Your assignment:
Every line of the listing belongs in your answer exactly as written; the images do not.

Collected material:
○ ○ ○ ○ ○ ○ ○

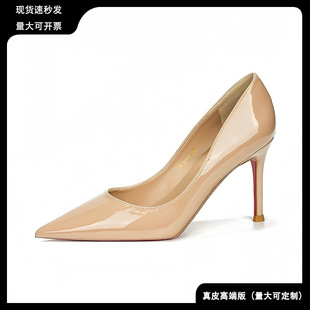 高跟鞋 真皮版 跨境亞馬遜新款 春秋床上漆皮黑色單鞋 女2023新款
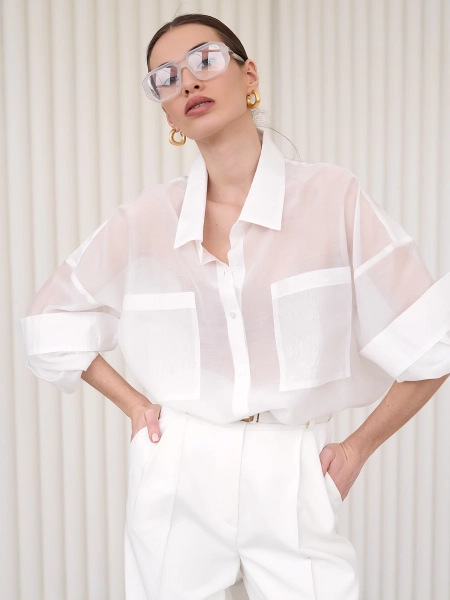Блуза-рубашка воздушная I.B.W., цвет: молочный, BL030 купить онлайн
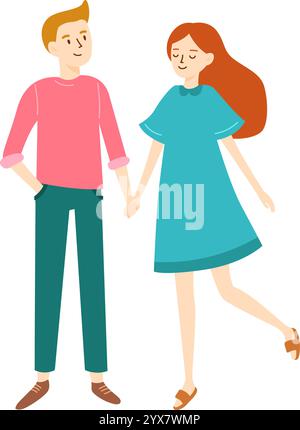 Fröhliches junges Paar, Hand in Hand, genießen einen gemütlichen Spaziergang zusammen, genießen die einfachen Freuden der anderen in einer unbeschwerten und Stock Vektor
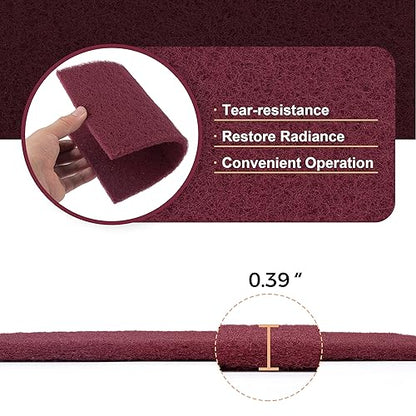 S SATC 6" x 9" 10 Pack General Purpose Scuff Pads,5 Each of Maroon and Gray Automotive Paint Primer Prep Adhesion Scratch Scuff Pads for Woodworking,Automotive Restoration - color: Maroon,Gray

○ ○ ○ ○ ○ ○ ○

Result:
 高跟鞋 真皮版 跨境亞馬遜新款 春秋床上漆皮黑色單鞋 女2023新款
Блуза-рубашка воздушная I.B.W., цвет: молочный, BL030 купить онлайн
 Fröhliches junges Paar, Hand in Hand, genießen einen gemütlichen Spaziergang zusammen, genießen die einfachen Freuden der anderen in einer unbeschwerten und Stock Vektor
 S SATC 6" x 9" 10 Pack General Purpose Scuff Pads,5 Each of Maroon and Gray Automotive Paint Primer Prep Adhesion Scratch Scuff Pads for Woodworking,Automotive Restoration - color: Maroon,Gray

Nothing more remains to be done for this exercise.